Purpose: : Inflammatory processes in the cornea are sight-threatening. It was shown, that birch leaf extract (BPE) has anti-inflammatory qualities in vitro. An effect of BPE-treatment following corneal transplantation was hypothesized and analyzed alone or in combination with a sub-therapeutic cylosporine A (Low-dose CsA=LDCsA) in the rat model.

Methods: : T cells or monocytic cells were stimulated in the presence of BPE in vitro. Proliferation, phenotype and number of apoptotic cells were analyzed by flow cytometry. Penetrating keratoplasty was performed between Fisher and Lewis rats. Recipient rats received BPE alone or in combination with LDCsA intraperitoneally. Control animals were either treated with sodium chloride 0.9% or with LDCsA. Clinical signs for inflammation were evaluated and rejection time points were determined. Infiltrating leukocytes were analyzed histologically.

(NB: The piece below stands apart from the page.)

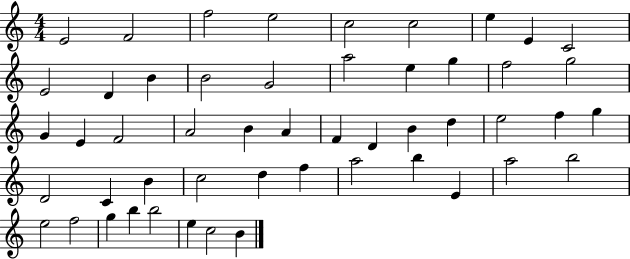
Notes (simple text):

E4/h F4/h F5/h E5/h C5/h C5/h E5/q E4/q C4/h E4/h D4/q B4/q B4/h G4/h A5/h E5/q G5/q F5/h G5/h G4/q E4/q F4/h A4/h B4/q A4/q F4/q D4/q B4/q D5/q E5/h F5/q G5/q D4/h C4/q B4/q C5/h D5/q F5/q A5/h B5/q E4/q A5/h B5/h E5/h F5/h G5/q B5/q B5/h E5/q C5/h B4/q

Results: : BPE selectively inhibited T cell proliferation by inducing apoptosis (p<0.01). No phenotypic changes were observed with respect to CD25- and CD62L-expression. No significant effect of BPE-monotherapy was seen following keratoplasty. Combination of BPE with sub-therapeutic LDCsA significantly delayed onset of corneal opacification and reduced the number of infiltrating CD45+ leukocytes and CD4+ T cells in the graft, whereas the number of infiltrating CD163+ macrophages was comparable.

Conclusions: : BPE selectively induced apoptosis of activated T cells in vitro. Similarly, number of graft infiltrating T cells and associated corneal opacification were significantly reduced. However, this effect was only achieved if BPE was combined with a sub-therapeutic CsA-dosage. We therefore suggest BPE as an additive treatment following corneal transplantation.